The records:
☆ ☆ ☆

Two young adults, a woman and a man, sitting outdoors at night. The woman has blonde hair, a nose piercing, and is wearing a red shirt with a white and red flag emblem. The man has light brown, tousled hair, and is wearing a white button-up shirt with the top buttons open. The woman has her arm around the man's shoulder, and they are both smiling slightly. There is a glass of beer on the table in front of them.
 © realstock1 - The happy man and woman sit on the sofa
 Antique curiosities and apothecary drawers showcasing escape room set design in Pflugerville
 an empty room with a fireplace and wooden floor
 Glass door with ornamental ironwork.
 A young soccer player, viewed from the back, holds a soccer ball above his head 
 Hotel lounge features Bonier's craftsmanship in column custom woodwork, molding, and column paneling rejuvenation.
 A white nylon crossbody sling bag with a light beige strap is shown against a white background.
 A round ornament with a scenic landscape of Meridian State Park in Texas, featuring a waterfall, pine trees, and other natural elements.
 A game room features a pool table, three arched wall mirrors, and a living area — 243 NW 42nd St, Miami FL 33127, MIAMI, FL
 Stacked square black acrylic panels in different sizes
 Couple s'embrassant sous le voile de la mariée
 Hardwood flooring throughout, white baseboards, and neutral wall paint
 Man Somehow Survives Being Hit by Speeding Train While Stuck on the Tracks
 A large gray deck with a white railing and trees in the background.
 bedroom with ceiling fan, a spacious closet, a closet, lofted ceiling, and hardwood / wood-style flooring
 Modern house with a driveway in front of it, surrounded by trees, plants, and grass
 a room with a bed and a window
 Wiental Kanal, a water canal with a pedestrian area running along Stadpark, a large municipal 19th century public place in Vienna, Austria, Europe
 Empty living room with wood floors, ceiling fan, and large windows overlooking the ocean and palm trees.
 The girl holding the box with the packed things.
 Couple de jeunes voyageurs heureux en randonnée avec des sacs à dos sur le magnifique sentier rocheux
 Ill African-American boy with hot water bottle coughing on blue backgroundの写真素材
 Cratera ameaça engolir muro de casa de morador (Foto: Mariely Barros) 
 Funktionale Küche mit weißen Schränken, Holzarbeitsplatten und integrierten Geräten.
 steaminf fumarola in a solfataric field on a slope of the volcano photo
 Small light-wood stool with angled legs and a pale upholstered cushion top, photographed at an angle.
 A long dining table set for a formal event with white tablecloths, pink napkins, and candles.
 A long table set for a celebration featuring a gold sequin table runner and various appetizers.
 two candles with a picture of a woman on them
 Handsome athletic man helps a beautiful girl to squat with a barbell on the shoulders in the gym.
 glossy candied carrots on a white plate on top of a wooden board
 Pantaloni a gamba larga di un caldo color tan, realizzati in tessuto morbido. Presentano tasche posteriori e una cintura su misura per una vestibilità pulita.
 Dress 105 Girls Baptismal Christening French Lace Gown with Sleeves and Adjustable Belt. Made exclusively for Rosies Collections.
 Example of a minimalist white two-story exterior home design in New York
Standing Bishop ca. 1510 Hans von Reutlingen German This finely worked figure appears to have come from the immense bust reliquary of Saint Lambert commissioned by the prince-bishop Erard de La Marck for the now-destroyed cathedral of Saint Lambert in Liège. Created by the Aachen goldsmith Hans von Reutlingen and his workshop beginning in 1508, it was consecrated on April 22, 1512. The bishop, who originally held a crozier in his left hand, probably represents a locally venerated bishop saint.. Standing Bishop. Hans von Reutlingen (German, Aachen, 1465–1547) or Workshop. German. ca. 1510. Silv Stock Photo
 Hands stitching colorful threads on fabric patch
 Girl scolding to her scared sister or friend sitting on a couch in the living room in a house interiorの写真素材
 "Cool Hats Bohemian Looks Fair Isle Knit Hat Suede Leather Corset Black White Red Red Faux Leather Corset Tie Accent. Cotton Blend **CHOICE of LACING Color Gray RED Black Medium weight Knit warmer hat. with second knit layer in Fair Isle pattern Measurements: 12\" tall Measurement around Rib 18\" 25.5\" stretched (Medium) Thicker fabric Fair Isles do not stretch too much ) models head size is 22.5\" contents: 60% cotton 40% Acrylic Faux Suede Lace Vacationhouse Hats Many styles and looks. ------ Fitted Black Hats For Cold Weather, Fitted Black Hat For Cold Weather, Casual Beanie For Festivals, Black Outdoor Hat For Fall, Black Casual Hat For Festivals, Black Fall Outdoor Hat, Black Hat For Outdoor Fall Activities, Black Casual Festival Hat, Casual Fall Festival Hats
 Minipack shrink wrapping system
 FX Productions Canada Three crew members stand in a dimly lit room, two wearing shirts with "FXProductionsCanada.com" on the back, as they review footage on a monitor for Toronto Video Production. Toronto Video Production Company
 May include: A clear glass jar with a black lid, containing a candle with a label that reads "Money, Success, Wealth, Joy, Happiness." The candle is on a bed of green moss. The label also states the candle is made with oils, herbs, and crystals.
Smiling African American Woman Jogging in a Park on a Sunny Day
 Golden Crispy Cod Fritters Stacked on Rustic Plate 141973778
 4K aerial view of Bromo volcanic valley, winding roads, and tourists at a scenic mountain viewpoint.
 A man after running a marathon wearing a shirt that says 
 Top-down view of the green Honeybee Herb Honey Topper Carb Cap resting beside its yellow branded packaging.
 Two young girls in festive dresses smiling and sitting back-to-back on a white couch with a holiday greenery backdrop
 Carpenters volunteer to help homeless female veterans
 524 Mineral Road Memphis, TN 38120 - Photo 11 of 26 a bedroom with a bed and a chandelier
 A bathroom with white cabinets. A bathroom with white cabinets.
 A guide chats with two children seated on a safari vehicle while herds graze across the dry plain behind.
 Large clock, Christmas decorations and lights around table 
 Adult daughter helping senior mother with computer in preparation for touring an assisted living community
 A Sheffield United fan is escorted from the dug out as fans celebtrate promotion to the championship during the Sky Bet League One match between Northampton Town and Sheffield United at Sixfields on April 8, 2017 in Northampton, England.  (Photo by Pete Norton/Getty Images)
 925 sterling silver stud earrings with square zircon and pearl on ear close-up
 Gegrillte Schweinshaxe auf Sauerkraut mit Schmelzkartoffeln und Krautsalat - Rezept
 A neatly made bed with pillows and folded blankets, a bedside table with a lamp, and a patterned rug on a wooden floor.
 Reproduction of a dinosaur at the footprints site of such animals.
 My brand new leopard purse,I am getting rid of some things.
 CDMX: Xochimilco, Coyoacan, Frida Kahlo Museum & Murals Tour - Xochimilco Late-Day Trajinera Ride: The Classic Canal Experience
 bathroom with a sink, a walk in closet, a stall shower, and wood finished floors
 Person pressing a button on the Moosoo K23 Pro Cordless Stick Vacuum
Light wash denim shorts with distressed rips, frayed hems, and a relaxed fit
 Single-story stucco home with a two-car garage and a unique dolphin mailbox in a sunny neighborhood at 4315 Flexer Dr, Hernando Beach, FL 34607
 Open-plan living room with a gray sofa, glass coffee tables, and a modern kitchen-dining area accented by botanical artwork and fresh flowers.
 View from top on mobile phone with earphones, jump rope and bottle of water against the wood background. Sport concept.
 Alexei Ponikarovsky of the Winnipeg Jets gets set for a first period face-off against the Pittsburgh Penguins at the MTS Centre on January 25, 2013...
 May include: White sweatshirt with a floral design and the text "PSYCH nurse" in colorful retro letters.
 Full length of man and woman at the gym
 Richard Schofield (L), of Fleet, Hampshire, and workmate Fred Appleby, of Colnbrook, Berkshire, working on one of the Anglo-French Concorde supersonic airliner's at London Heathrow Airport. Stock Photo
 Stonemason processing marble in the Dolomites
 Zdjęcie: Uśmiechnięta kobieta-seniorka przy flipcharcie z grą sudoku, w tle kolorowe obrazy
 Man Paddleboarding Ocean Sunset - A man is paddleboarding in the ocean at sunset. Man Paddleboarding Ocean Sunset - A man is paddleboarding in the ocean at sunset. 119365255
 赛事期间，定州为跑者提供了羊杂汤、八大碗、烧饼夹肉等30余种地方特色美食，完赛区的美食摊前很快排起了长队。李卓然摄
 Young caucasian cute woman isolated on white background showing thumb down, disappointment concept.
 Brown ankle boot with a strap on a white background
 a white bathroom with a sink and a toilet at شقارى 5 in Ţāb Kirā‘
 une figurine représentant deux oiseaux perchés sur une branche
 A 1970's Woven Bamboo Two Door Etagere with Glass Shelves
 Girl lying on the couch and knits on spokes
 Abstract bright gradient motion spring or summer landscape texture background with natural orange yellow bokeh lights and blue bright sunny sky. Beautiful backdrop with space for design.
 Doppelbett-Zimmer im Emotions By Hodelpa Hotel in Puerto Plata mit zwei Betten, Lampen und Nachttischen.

☆ ☆ ☆

Task prompt: Print exactly the lines of the listing above starting at the line containing "on the sofa" and ending at the line containing "Hotel lounge features", both included.

Answer below:
 © realstock1 - The happy man and woman sit on the sofa
 Antique curiosities and apothecary drawers showcasing escape room set design in Pflugerville
 an empty room with a fireplace and wooden floor
 Glass door with ornamental ironwork.
 A young soccer player, viewed from the back, holds a soccer ball above his head 
 Hotel lounge features Bonier's craftsmanship in column custom woodwork, molding, and column paneling rejuvenation.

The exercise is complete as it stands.